A copy of the August 9 letter can be found here.
Representative Greg Walden (R-OR), Chairman of the Energy and Commerce Committee, held a roundtable Tuesday morning in his district to discuss the opioid abuse crisis and ways to tackle the issue. FDA Commissioner Scott Gottlieb was present for the roundtable, where he spoke about efforts by the FDA to strike the right balance in opioid prescriptions.
Chairman Walden highlighted the House’s recent passage of H.R. 6, the Substance Use-Disorder Prevention that Promotes Opioid Recovery and Treatment (SUPPORT) for Patients and Communities Act, and its progress in aiding the fight. Walden also addressed potential catalysts of the problem with letters sent by committee leaders pressing opioid manufacturers, who should look to consider their role in the epidemic and ways they can work with committee to improve how the drugs are being marketed.
Commissioner Gottlieb spoke about funding to ramp up efforts to intercept illegal substances coming into the US. More than 800 million packages were mailed to the U.S. last year, with this year’s number potentially exceeding 1 trillion, and Gottlieb claims that this provides a gap through which illicit substances can be shipped into the U.S. These are the gaps that they will attempt to plug.
Several rulings this past week have recently passed in an effort to double down on drug prices and affordability. The Trump Administration’s efforts to tackle the issue include an update to Medicare Advantage plans, which will now incorporate a process called step therapy into medical practices; the process will require patients getting drugs in a doctor’s office or the hospital to try lower-cost medicines before moving up to more expensive ones.
CMS also recently issued its final rule on the Inpatient Prospective Payment System, a push by the agency to increase transparency by requiring hospitals to post list of their standard charges online. The rule doesn’t require posting any more information than hospitals are already mandated to provide to the public, but CMS has issued a request for information seeking input on furthering pricing transparency.
CMS Administrator Seema Verma stated that the agency is concerned with differentials in the wage index floor that show geographic disparities in payments favoring urban over rural hospitals.
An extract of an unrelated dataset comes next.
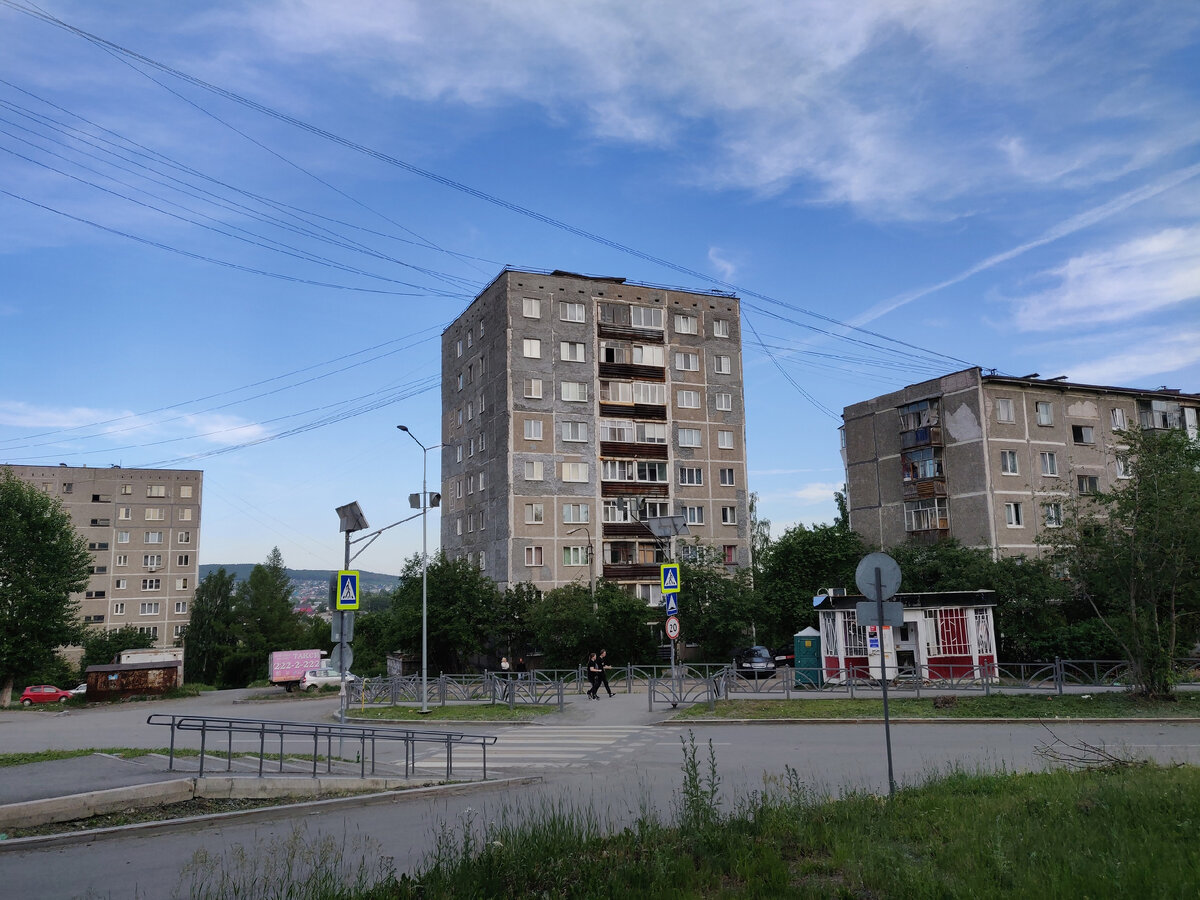 Первоуральск улица школьная 2 кв 4. Емлина 2. Герцена 7 первоуральск. Первоуральск, ул. Данилова 9 первоуральск.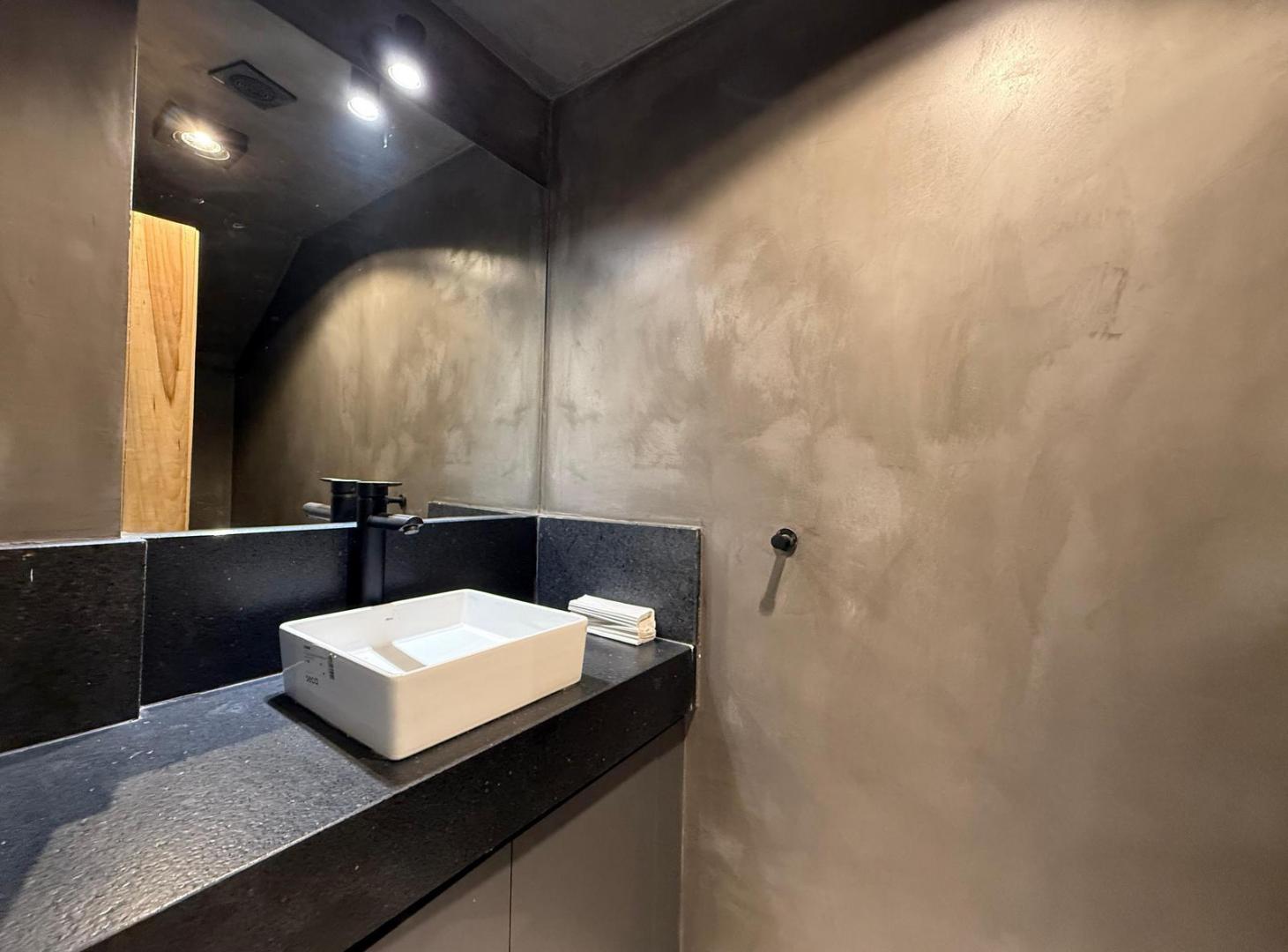 Foto de ALQUILER - HOUSING ZUR - CASA 2 DORMITORIOS 2 BAÑOS C/COCHERA - VILLA SAN ISIDRO ZONA SUR, imagen 3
This final rule preemptively allows the imputed wage index floor to expire for all-urban states.
Other tactics presented by the Trump administration include a reevaluation of the way rebates are handled and encouraging value-based care to lower drug prices, as well as increasing competition and leveling the playing field against foreign drug costs. FDA Commissioner Scott Gottlieb has become the Trump administration’s lead proponent for increasing competition by embracing the use of generic drugs and an “action plan” to encourage the development of biosimilars
There is some back and forth on whether these strategies will have a true impact. Ameet Sarpatwari, an instructor in medicine at Harvard Medical School in Boston, said policies the administration has rolled out thus far “alone will not translate into meaningful cost savings for most Americans.” While Mark McClellan, director of the Duke-Margolis Center for Health Policy in Durham, N.C., and a former CMS administrator, said that although none of the initial steps has “fundamentally transformed drug prices,” there is “a lot going on inside the administration.”
Although many details have yet to be announced in relation to promoting competition and tackling rebates, it is expected that more blueprints will be incrementally rolled out.